In this work, a dynamic data driven applications systems (DDDAS) high dimensional learning framework, namely 3D-HCL, is introduced for identifying idiosyncratic DNA methylation profile of different tumor types and/or subtypes. The proposed framework is composed of five algorithms, (1) principal component analysis that initializes the framework by determining initial set of informative biomarkers, (2) hierarchical clustering algorithm that clusters the points (samples) into groups which represent cancer types or subtypes, (3) outlier detection algorithm that finds outliers and removes their contaminating effect on the input of HCL, (4) informative probe selection procedure which identifies the biomarkers associated with clusters obtained by learning mechanism, and (5) orchestration procedure that coordinates the information flow between HCL and outlier detection algorithm and informative probe selection procedure based on the designed cluster membership score. The performance of the proposed framework was demonstrated using real lung cancer data obtained from GEO database [4]. The performance of the proposed DDDAS-based recursive procedure is noted as very promising on the case study in terms of detecting outliers and removing their contaminating effect, finding meaningful clusters, and identifying biomarkers. In particular, in the selected dataset, traditional HCL results in approximately 33% error and fails to identify meaningful clusters. Our improved iterative procedure, however successfully differentiates the non-malignant pulmonary and lung adenocarcinoma with 3% error and identifies an aberrant DNA methylation profile associated with these cancer types. Interestingly, we observed that outliers have a significant effect on dimension reduction by misleading the determination of informative genes. Our proposed procedure is also able to detect and remove the outliers from the methylation dataset to minimize their potential contamination. Collectively, the proposed framework paves the way towards analyzing complex DNA methylation data using data driven learning mechanisms.

The future venues of this work involves itself with the testing of the proposed algorithm using datasets collected from a larger number of patients. The outcome of these studies will further validate the capability and performance of the DDDAS learning algorithm while improving its accuracy. In this study, a threshold based algorithm is developed based on designed informative locus score so that the pre-defined threshold value can affect the identification of informative biomarkers. Here, an optimal mechanism or automatic fine-tuning mechanisms for the threshold parameter can be investigated. Lastly, in its current form, the hierarchical clustering algorithm expects the number of clusters as a pre-determined parameter. The future work will focus on the exploration of a cluster membership score that will help optimize the number of clusters used in run-time.

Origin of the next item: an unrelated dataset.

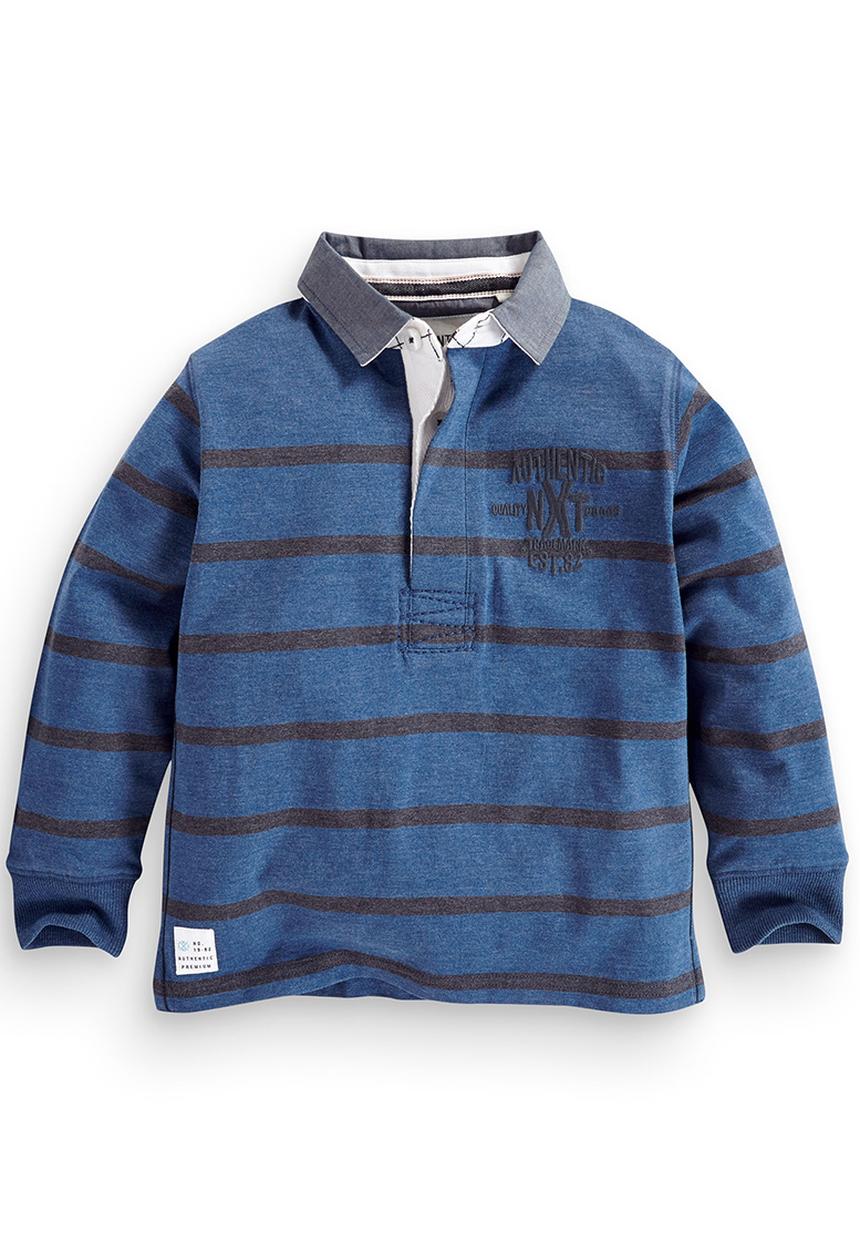 Next - Striped Rubgy Sweater Navy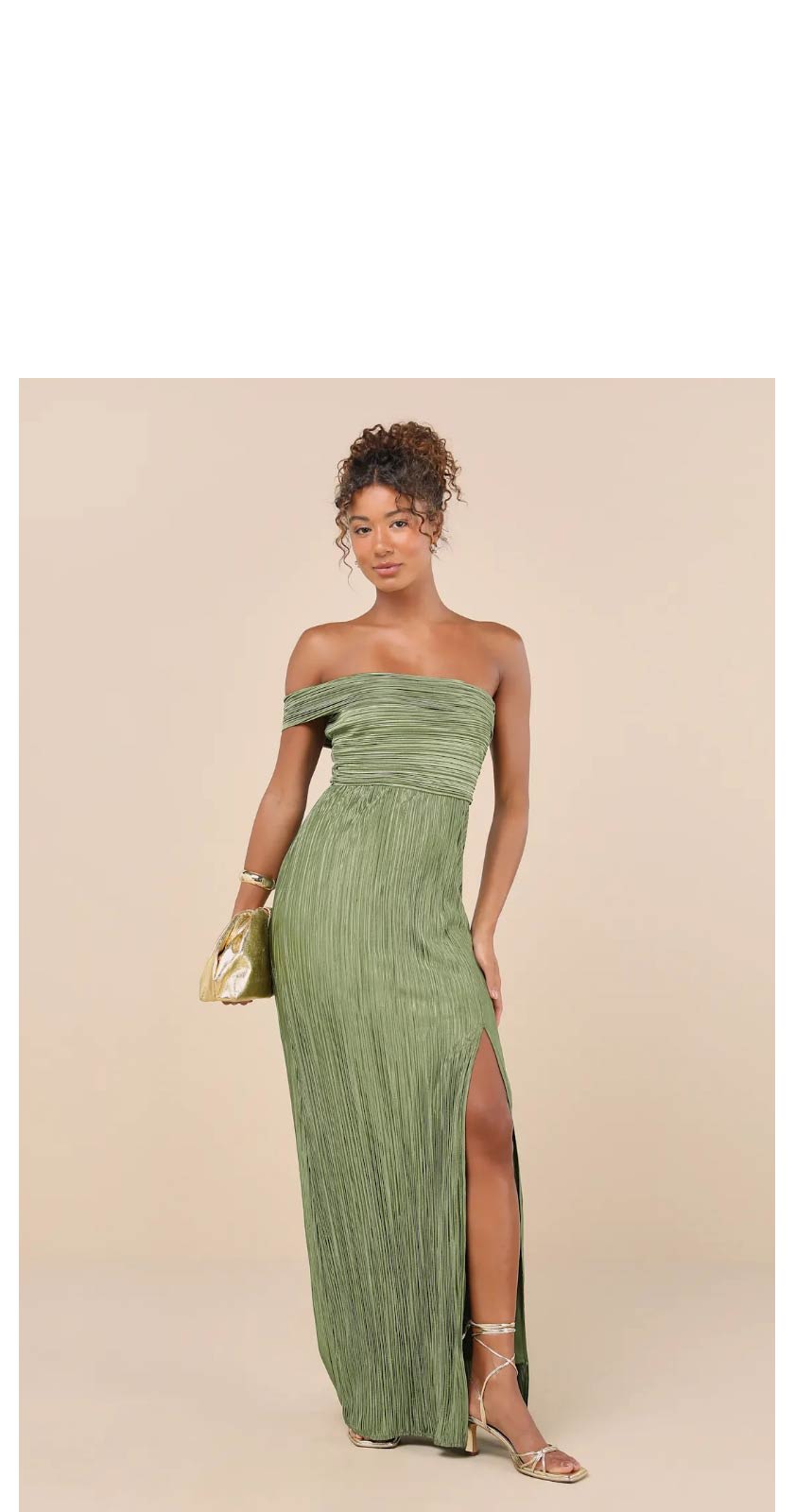 oised Performance Olive Green Plisse One-Shoulder Maxi Dress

The proposed 3D-HCL framework is tested on a real lung cancer DNA methylation dataset. As demonstrated in Sect. 12.4 the feedback loop between the clustering and identification of biomarkers provides more accurate results of aberrant DNA methylation profiles associated with cancer. The results of this study show that DDDAS based methodologies can provide invaluable insight into accurate cancer diagnosis, early detection, and treatment tailoring especially the research in the analysis of time-course data, and complex and comprehensive studies involving very large number of genes and samples such as Human Genome Project. In time-course methylation analysis, the proposed 3D-HCL framework can be further investigated to identify groups of biomarkers whose expressions are not stable over time, and then classify the new samples based on these identified biomarkers by steering the timing of data collection. In conclusion, this study highlights that DDDAS based learning methodologies offer not only more accurate results but also more efficient experimental designs for analyzing and understanding of genetic and epigenetic blueprint in the complex and comprehensive projects.